In ml a single is 30 and a double is 60. Most people use grams instead as it's easier to measure as most have scales. So effectively 30ml is the same a 30g. People might go on and wonder about specific gravity of water against coffee but not much point really as the main aim is to produce a drink that the maker likes.

Really it's better to think in terms of ratios. Weight of ground coffee used and the weight of the output. That might range from 1 to 2 up to 1 to 5 but I suspect one that high would be unusual. This needs to be adjusted to suite the drinker and the bean they are using. The shot time can be anything that produces what the drinker wants. On my BE for instance using the single basket the shot timer has more or less always been at 25 secs. The double button is set longer so that I can play around with tuning the shot time without reprogramming it.

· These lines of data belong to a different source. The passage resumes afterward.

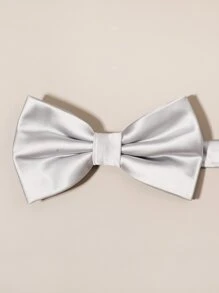 Men Solid Bow Tie - Light Grey - View 2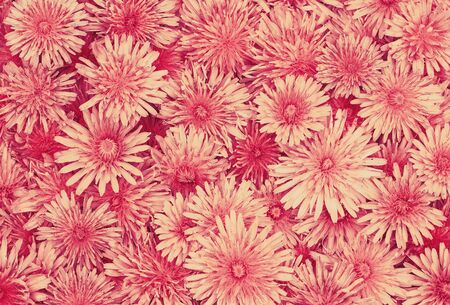 delicate beautiful natural background of many fluffy red Daisy flower headsの写真素材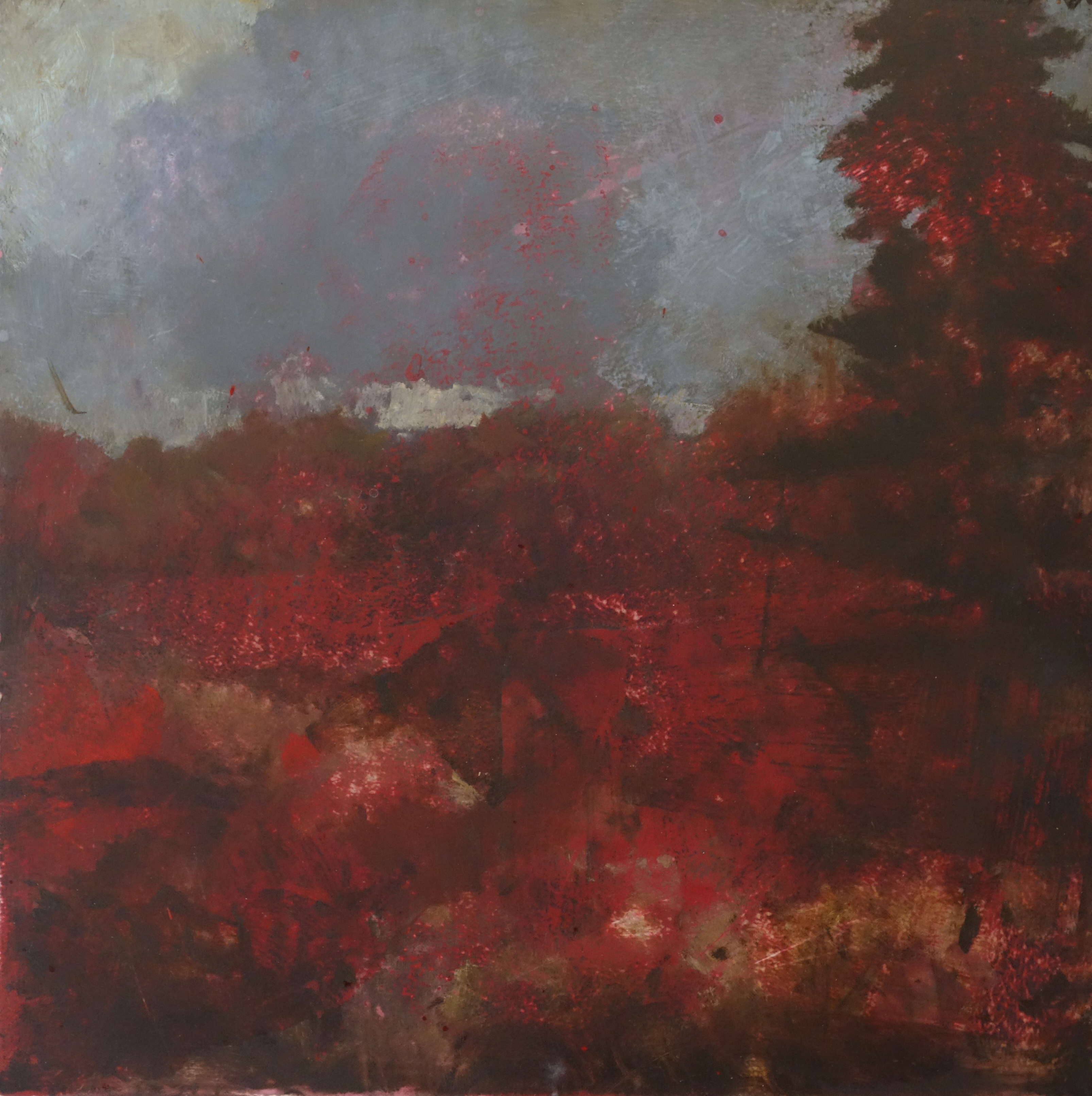 Merrick Belyea, Rottnest Landscape #5, 2016, oil on board, 61 x 61cm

I'm afraid I don't worry too much about ratio, only taste but would put it in the range of 1 to 2.5 to maybe something over 3. I tend to brew at the higher end shown for the espresso range shown on the gauge as well but not past it. No 2 grinders will be the same and results depend on the bean so mentioning settings wont be of any use. When I started I used the suggestion in the manual a setting of 8 and adjusted from that.

John

-


----------